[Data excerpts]
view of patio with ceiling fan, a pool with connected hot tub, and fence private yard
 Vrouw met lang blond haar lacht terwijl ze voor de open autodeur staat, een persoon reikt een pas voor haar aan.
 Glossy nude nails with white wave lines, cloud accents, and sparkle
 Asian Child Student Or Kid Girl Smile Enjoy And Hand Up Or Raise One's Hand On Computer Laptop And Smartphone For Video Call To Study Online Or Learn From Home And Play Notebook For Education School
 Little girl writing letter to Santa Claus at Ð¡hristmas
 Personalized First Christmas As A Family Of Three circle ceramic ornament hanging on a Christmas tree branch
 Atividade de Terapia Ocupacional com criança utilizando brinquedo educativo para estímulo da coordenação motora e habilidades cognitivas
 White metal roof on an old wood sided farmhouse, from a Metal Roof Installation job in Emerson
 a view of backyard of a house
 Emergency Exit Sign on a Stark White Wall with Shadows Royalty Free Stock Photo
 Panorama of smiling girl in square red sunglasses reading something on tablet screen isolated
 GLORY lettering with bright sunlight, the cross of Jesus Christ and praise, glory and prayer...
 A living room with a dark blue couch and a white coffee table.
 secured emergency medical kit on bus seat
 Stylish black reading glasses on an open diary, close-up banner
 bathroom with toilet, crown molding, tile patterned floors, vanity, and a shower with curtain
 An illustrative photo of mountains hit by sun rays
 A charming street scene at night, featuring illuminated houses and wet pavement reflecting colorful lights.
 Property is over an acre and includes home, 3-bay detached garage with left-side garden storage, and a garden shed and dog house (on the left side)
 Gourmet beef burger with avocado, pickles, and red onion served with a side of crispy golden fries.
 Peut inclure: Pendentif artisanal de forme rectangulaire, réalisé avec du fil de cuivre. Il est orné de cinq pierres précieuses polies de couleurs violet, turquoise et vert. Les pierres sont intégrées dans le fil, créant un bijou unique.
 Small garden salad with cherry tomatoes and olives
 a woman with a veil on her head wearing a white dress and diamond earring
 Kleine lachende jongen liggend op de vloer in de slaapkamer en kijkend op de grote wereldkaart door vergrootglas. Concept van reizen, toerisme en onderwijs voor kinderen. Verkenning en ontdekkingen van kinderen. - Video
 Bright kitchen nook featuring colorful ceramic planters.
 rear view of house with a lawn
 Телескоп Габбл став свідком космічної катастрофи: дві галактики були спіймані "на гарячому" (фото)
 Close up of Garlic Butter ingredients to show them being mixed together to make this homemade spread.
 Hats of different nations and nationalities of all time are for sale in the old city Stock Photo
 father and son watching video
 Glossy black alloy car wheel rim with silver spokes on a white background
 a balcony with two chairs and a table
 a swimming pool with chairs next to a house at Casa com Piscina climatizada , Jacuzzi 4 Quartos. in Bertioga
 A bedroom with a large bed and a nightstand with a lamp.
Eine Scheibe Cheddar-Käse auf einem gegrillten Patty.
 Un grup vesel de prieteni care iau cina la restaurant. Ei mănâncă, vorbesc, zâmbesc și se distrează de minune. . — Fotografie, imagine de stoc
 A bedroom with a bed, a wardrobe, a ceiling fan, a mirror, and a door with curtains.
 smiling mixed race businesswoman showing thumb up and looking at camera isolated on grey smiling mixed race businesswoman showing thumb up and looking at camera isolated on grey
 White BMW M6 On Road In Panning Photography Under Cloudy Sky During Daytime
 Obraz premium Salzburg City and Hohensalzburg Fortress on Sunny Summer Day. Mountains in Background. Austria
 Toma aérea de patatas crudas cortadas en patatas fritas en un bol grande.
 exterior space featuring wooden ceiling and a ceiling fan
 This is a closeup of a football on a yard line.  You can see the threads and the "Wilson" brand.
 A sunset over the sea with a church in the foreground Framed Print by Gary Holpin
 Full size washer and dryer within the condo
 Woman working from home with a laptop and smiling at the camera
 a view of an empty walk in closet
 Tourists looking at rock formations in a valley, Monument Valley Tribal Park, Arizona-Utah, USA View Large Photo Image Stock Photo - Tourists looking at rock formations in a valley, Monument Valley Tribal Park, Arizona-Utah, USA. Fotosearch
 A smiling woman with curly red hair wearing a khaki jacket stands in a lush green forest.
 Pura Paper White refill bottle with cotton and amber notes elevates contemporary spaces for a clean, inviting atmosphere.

◆ Instructions for the task: Each line above that contains the word "ceramic" must be copied.

◆ Your solution:
 Personalized First Christmas As A Family Of Three circle ceramic ornament hanging on a Christmas tree branch
 Bright kitchen nook featuring colorful ceramic planters.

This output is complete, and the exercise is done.